Excerpt from Libra Shrugged: How Facebook Tried to Take Over the Money by David Gerard

Update, November 2021: Here’s a book excerpt a year after its publication — because I keep referring people to this chapter. Buy the book for more!

This chapter has stood up quite well through 2021. Sand Dollar, D-Cash and DC/EP (now e-CNY) are still in ever-growing pilot programmes. Nigeria has just launched its eNaira CBDC as an alternate payment system.

Consumer use cases for CBDCs are still thin on the ground — basically when commercial banks aren’t serving the public sufficiently, and the central bank has to step in. Even then, they partner with the commercial banks as absolutely far as possible.


He had his cash money, but you couldn’t pay for food with that.
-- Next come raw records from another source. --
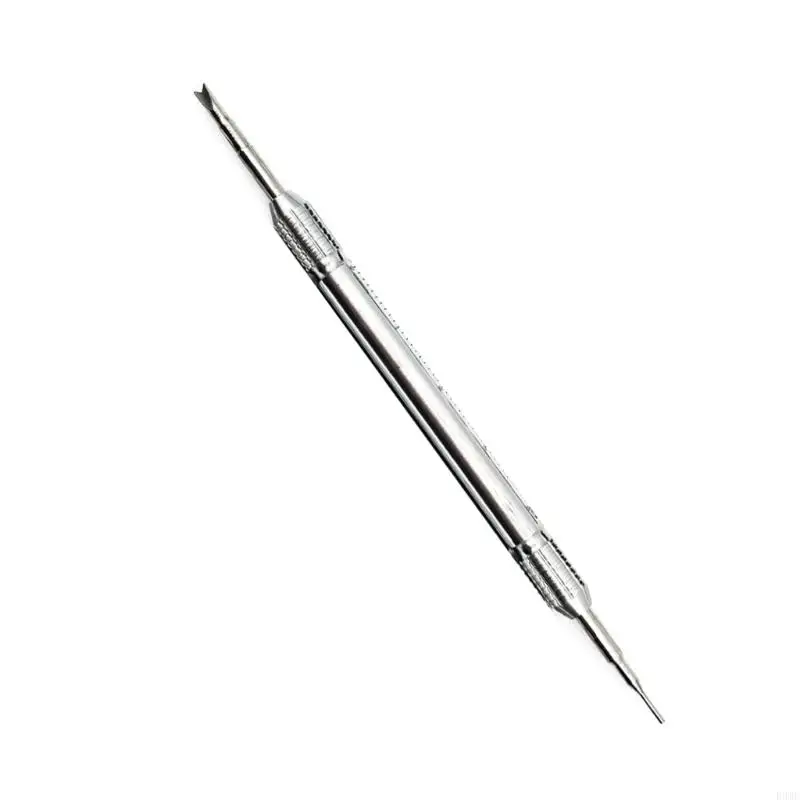 R3MC Double Head V …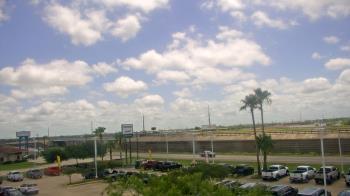 Weather camera view of Neessen Chevrolet Buick GMC.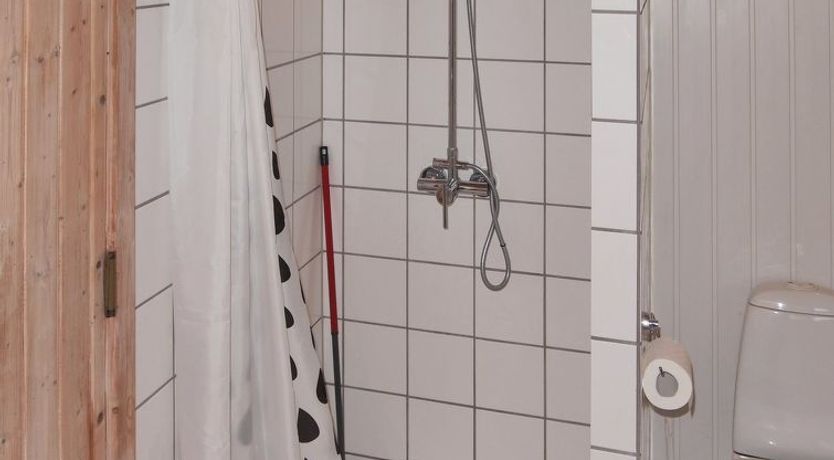 Photo of "Sena" - 250m from the sea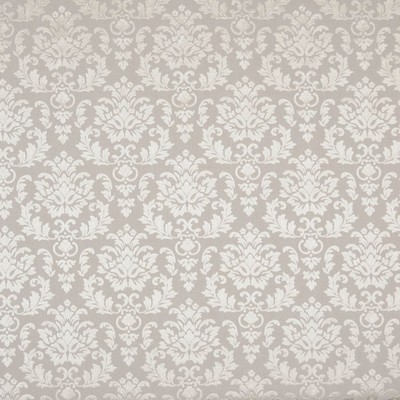 RM Coco Williamstown NATURAL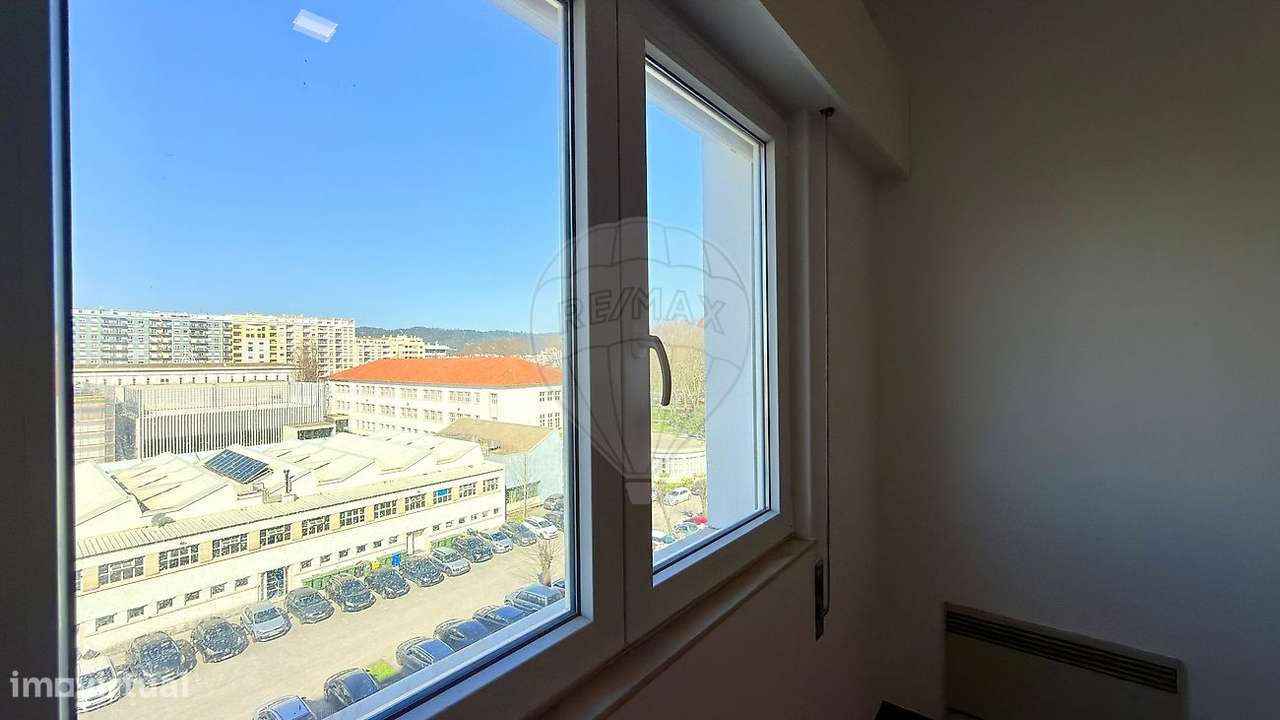 Apartamento T4 para venda-24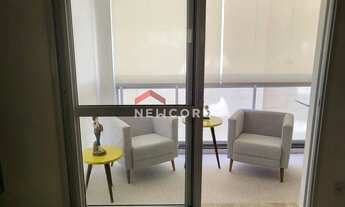 Imagem 4: Apartamento em Rua Alaor Malta Guimarães - Botafogo - Campinas/SP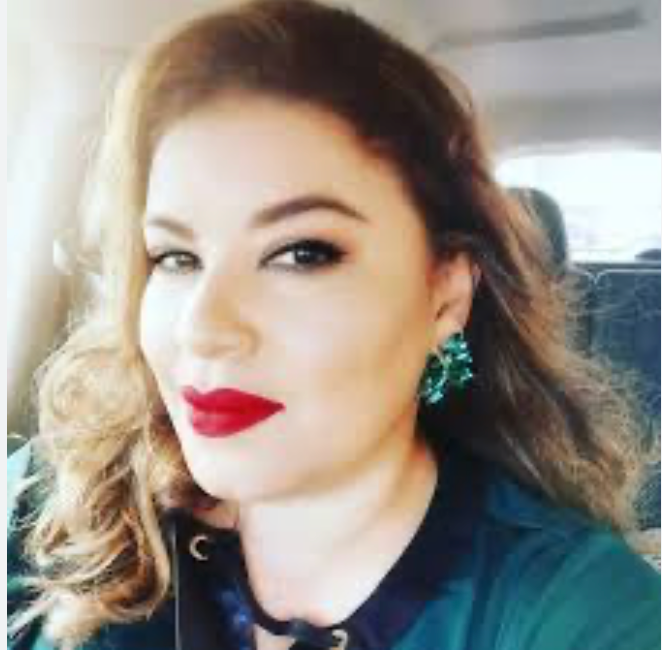 <em>Michelle R.</em>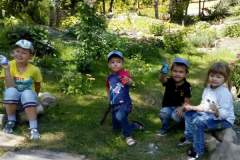 IMG-d24183c076c1b9a2b8f603e5c3eb3708-V
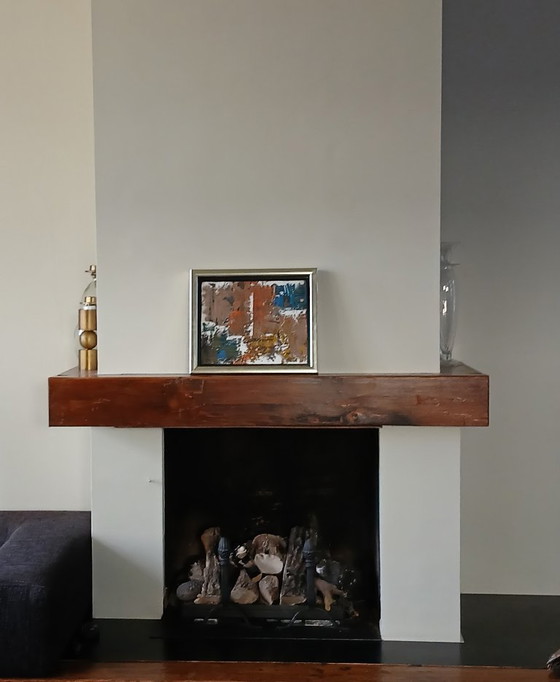 Image 1 of Colour mix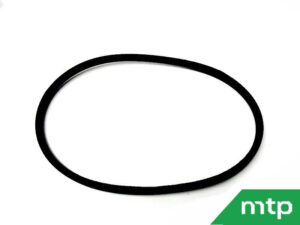 V-belt Shibaura P/SP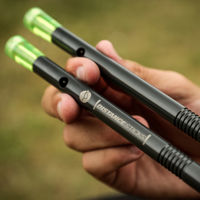 Korda Distance Sticks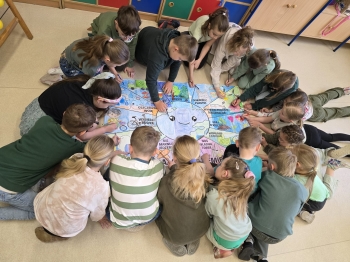 672210563_1957499541526625_2171128361493987635_n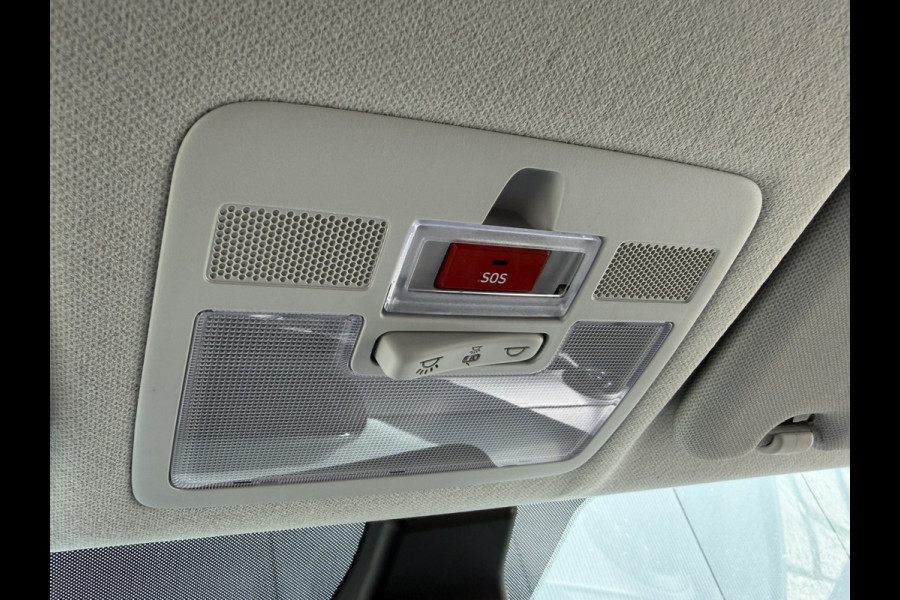 Hyundai i10 1.0 Comfort Limited Automaat | Cruisecontrol | Airco | Camera achter | Apple Carplay/Android Auto | Navigatie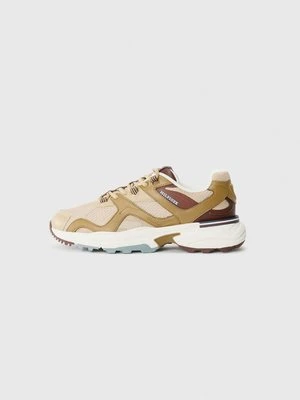 Sneakersy niskie Tommy Hilfiger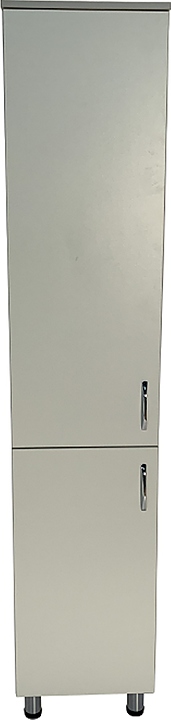 Шкаф медицинский Мед Мебель MD ШМ 14.05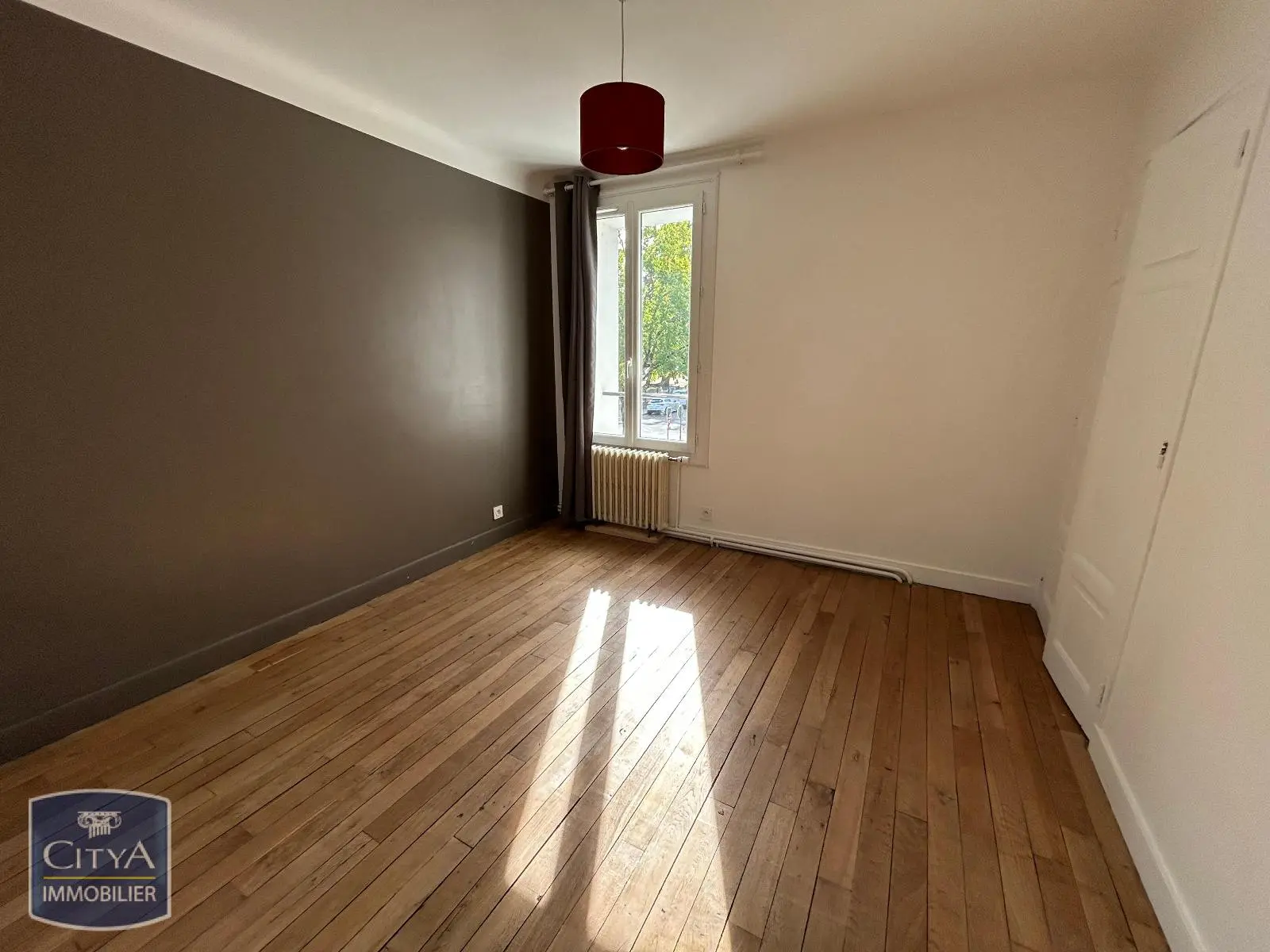Photo 13 Maison 5 pièces 134.76m²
It wasn’t actually illegal to have the stuff, it was just that nobody ever did anything legitimate with it.

— William Gibson, Count Zero

Central banks issue physical cash — but what if they could print official legal tender digitally? The real world result from Libra may turn out to be “central bank digital currency,” or “CBDC.”

A central bank’s job is to keep its economy on an even keel. Central bank researchers look at a new idea and think: “what would happen if this weird thing got popular?” The structure of money can change surprisingly fast.

So the researchers routinely come up with wild plans to rebuild the financial system, but upside-down and inside-out — just in case they suddenly need them.

Bankers noticed Bitcoin and other cryptocurrencies early. When people talk about a new form of “money,” and there are news headlines about the price of Bitcoin, central bank research papers will follow.

Then Libra threatened to put the idea of a blockchain-like currency into practice, at massive scale — but badly. Central bank researchers quickly dusted off their old papers, with an eye to heading off disaster. And if there was anything to the Libra idea, maybe it could be implemented with an eye to caution.

Central banks have issued electronic money before — but current discussion of “CBDC” involves a lot of misapplied blockchain hype. End users don’t need to worry too much about this particular back-end plumbing.

What is a central bank digital currency?

E-money (electronic money) is money for consumers that’s transmitted electronically outside the banking system itself. PayPal is a well known example. A central bank digital currency is e-money issued directly by the central bank — it’s regulated differently, but the end user shouldn’t see much difference.

Central banks had been thinking about what central-bank-issued e-money might mean since the 1990s256 — but the current round of CBDC discussion was largely inspired by Bitcoin and blockchains.

CBDC on a blockchain was first suggested in 2013 by economics blogger J. P. Koning as “Fedcoin.”257 Koning proposed that the US Federal Reserve run a widely-distributed blockchain-based database, and create and destroy dollar tokens on the chain as needed. This could also be a consumer payment system, running on your phone.258 259

Central banks wrote papers on what a popular retail CBDC might mean, and what the economic risks might be.

For a long time, all of this was just an academic exercise — with a fair bit of blockchain hype. But as CBDC proposals get closer to reality, they tend to have less and less to do with blockchains.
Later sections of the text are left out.